Exercise prompt
Beginning with the line of the entries below that holds "Welcome to Jeremy's" and ending with the line that holds "So that's how", transcribe each line exactly as written. Pictures stay out.

Provided records
-----

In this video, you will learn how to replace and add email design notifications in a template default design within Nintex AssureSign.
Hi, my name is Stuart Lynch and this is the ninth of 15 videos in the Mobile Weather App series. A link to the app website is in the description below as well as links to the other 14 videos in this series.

-----

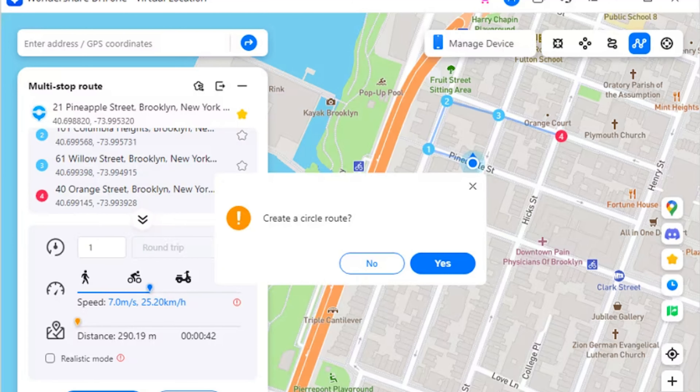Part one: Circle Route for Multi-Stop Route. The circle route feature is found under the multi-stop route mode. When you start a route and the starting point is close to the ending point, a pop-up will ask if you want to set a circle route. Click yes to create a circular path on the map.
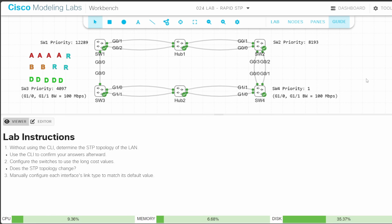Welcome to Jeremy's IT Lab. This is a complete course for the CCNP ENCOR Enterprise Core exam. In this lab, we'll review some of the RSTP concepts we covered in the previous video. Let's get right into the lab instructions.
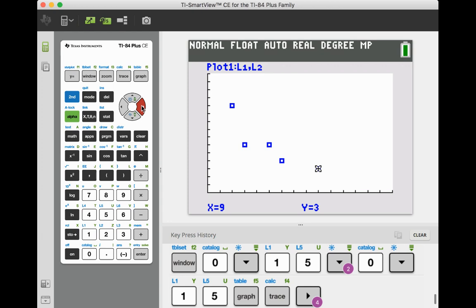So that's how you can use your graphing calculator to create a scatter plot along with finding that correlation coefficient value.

-----

Result for this task
Welcome to Jeremy's IT Lab. This is a complete course for the CCNP ENCOR Enterprise Core exam. In this lab, we'll review some of the RSTP concepts we covered in the previous video. Let's get right into the lab instructions.
So that's how you can use your graphing calculator to create a scatter plot along with finding that correlation coefficient value.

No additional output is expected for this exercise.